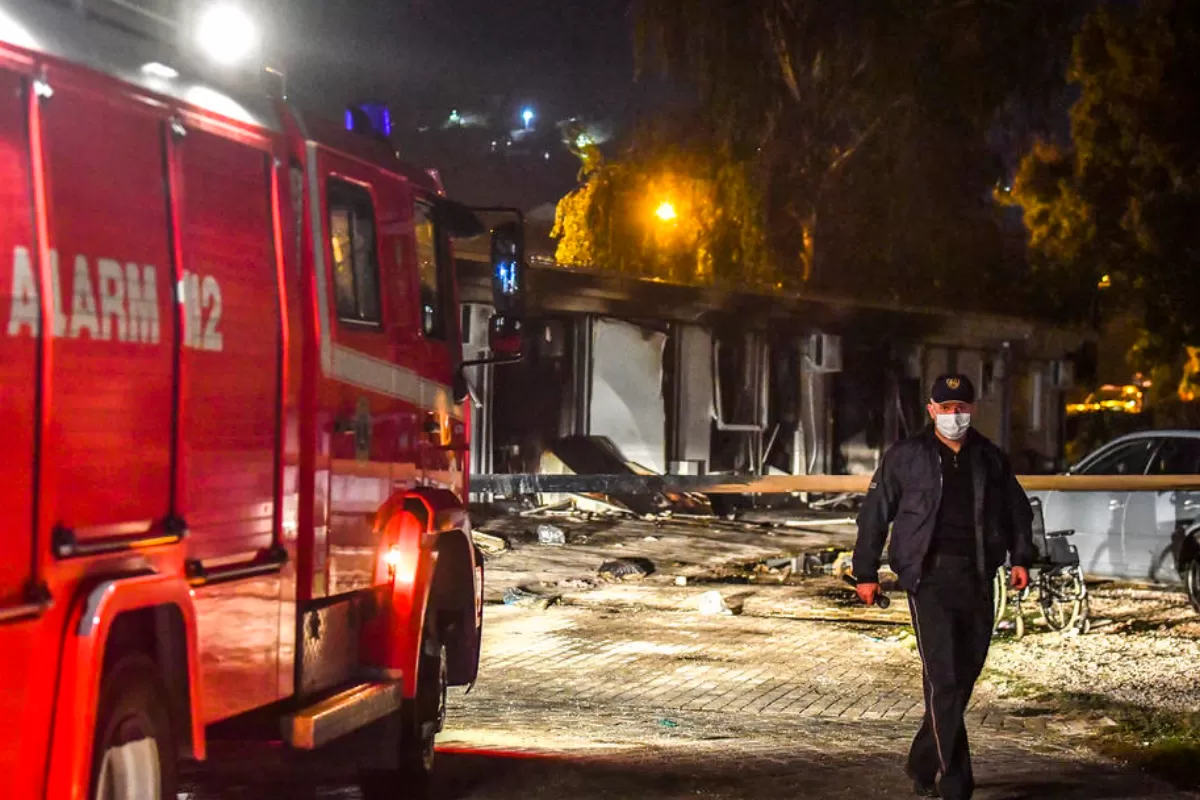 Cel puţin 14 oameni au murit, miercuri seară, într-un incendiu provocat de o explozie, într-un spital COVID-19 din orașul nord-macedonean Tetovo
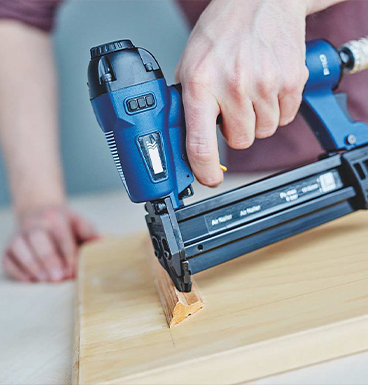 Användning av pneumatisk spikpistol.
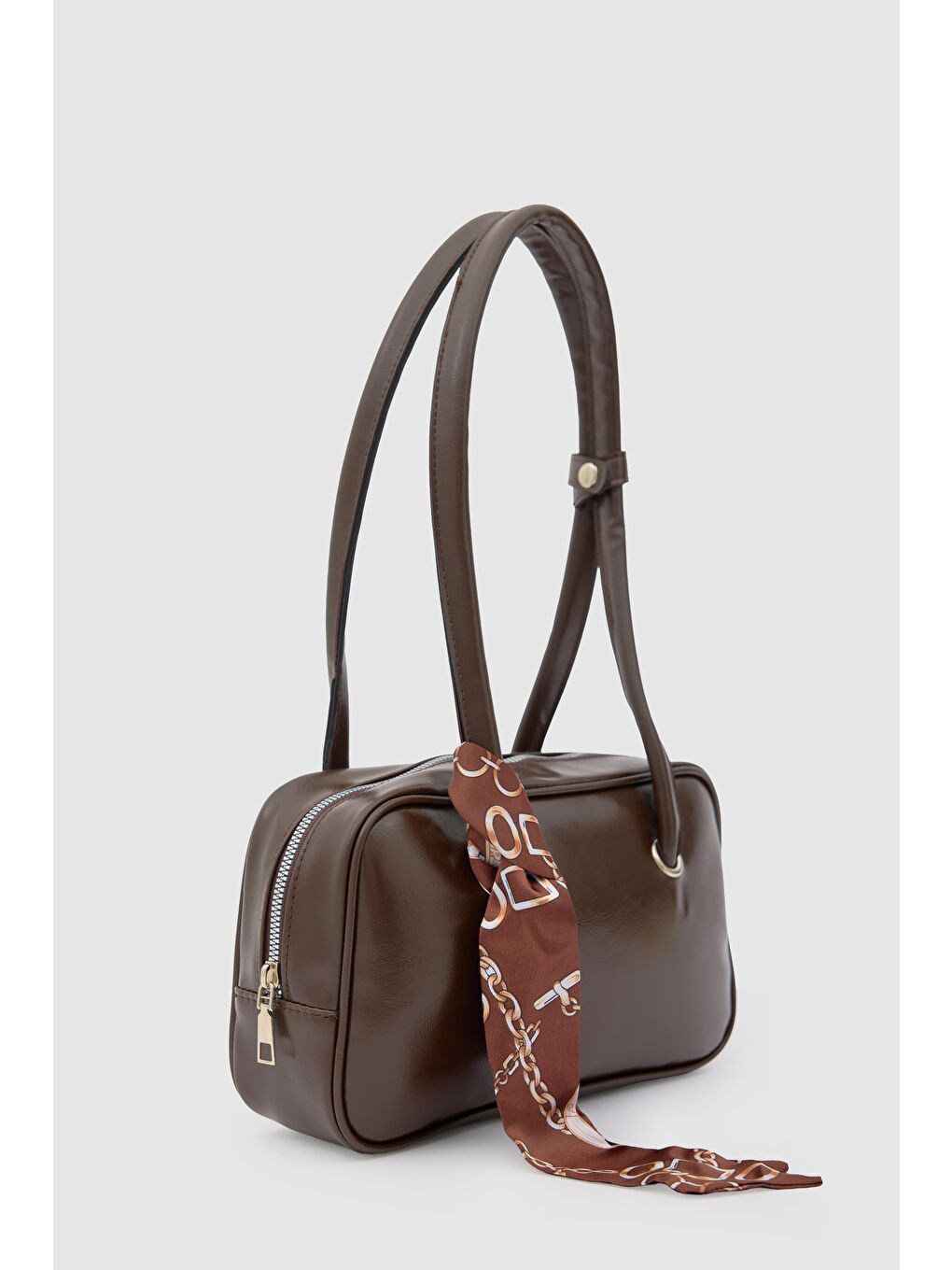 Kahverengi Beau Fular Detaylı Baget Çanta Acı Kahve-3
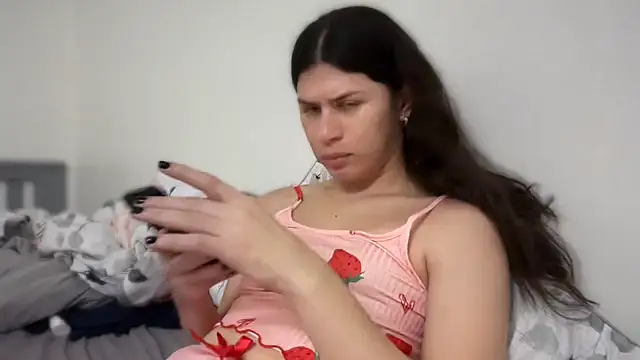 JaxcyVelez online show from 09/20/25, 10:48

→ Task brief
Line by line and exactly, write out the material above. Skip the pictures.

→ Result of this exercise
 Cel puţin 14 oameni au murit, miercuri seară, într-un incendiu provocat de o explozie, într-un spital COVID-19 din orașul nord-macedonean Tetovo
 Användning av pneumatisk spikpistol.
 Kahverengi Beau Fular Detaylı Baget Çanta Acı Kahve-3
 JaxcyVelez online show from 09/20/25, 10:48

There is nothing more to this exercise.